Over all, I'm pleased with these results, although I'm confused why
sometimes with the patch the first run reports running faster than the
others. I'm curious what others get. Traversing a tree that lives in
DSA has some overhead, as expected, but still comes out way ahead of
master.

There are still some micro-benchmarks we could do on tidstore, and
it'd be good to find out worse-case memory use (1 dead tuple each on
spread-out pages), but this is decent demonstration.

> > I'm not sure what the test_node_types_* functions are testing that
> > test_basic doesn't. They have a different, and confusing, way to stop
> > at every size class and check the keys/values.

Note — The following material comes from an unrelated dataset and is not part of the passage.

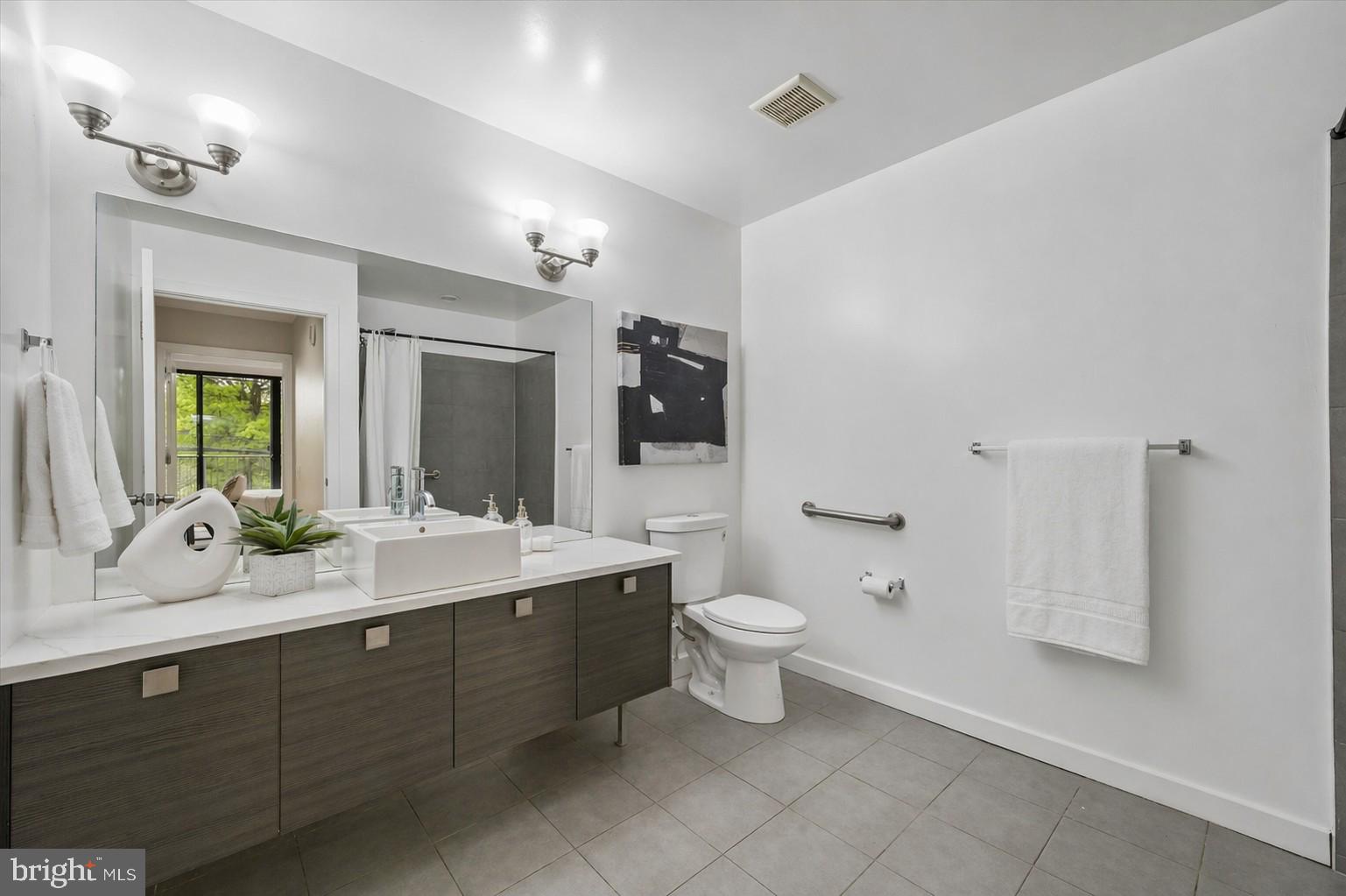 934-950 N 3RD STREET 202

It seems we can replace
> > all that with two more calls (asc/desc) to test_basic, with the
> > maximum level.

v58-0008:

+ /* borrowed from RT_MAX_SHIFT */
+ const int max_shift = (pg_leftmost_one_pos64(UINT64_MAX) /
BITS_PER_BYTE) * BITS_PER_BYTE;

This is harder to read than "64 - 8", and doesn't really help
maintainability either.
Maybe "(sizeof(uint64) - 1) * BITS_PER_BYTE" is a good compromise.

+ /* leaf nodes */
+ test_basic(test_info, 0);

+ /* internal nodes */
+ test_basic(test_info, 8);
+
+ /* max-level nodes */
+ test_basic(test_info, max_shift);

This three-way terminology is not very informative. How about:

+       /* a tree with one level, i.e. a single node under the root node. */
 ...
+       /* a tree with two levels */
 ...
+       /* a tree with the maximum number of levels */

+static void
+test_basic(rt_node_class_test_elem *test_info, int shift)
+{
+ elog(NOTICE, "testing node %s with shift %d", test_info->class_name, shift);
+
+ /* Test nodes while changing the key insertion order */
+ do_test_basic(test_info->nkeys, shift, false);
+ do_test_basic(test_info->nkeys, shift, true);

Adding a level of indirection makes this harder to read, and do we
still know whether a test failed in asc or desc keys?

> > My earlier opinion was that "handle" was a nicer variable name, but
> > this brings back the typedef and also keeps the variable name I didn't
> > like, but pushes it down into the function. I'm a bit confused, so
> > I've kept these not-squashed for now.
>
> I misunderstood your comment. I've changed to use a variable name
> rt_handle and removed the TidStoreHandle type. 0013 patch.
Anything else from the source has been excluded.